Manuel Valls et Pierre Gattaz
Manuel Valls et Pierre Gattaz © MaxPPP

L'organisation patronale a donné mardi trois semaines au gouvernement pour revenir à la version initiale du projet de loi, qui lui convenait parfaitement, et menace de se retirer des négociations sur l'assurance-chômage. "Pas à la hauteur de la responsabilité qui est celle du patronat", pour Matignon.

Quand le Medef durcit le ton, le Premier ministre le hausse. Au lendemain d'une réunion du conseil exécutif de l'organisation, Pierre Gattaz a lancé un ultimatum au gouvernement sur la loi Travail , lors de sa conférence de presse mensuelle.

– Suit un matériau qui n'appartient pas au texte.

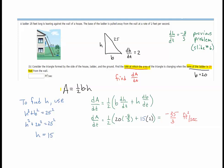Finding the derivative of A with respect to time: the right-hand side has the one-half, then b times h gives us a product rule. The product rule gives us: b · (dh/dt) + h · (db/dt). Substituting base = 20, dh/dt = −8/3, height = 15, and db/dt = 2, we find that the area is changing at −35/3 square feet per second.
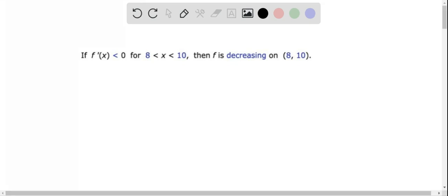Here we check the statement: if f prime of x is less than 0 for x greater than 8 and less than 10, then f is decreasing on (8, 10). This is true according to the definition of the increasing and decreasing function.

Le conseil exécutif considère que le projet de loi tel qu'il est ne donne pas aux entreprises les outils nécessaires pour retrouver le chemin du développement de l'emploi. Il existe désormais une très forte défiance de l'ensemble des chefs d'entreprise et des membres du conseil exécutif sur ce projet.

Un avertissement solennel relayé aussi par écrit, notamment sur les réseaux sociaux.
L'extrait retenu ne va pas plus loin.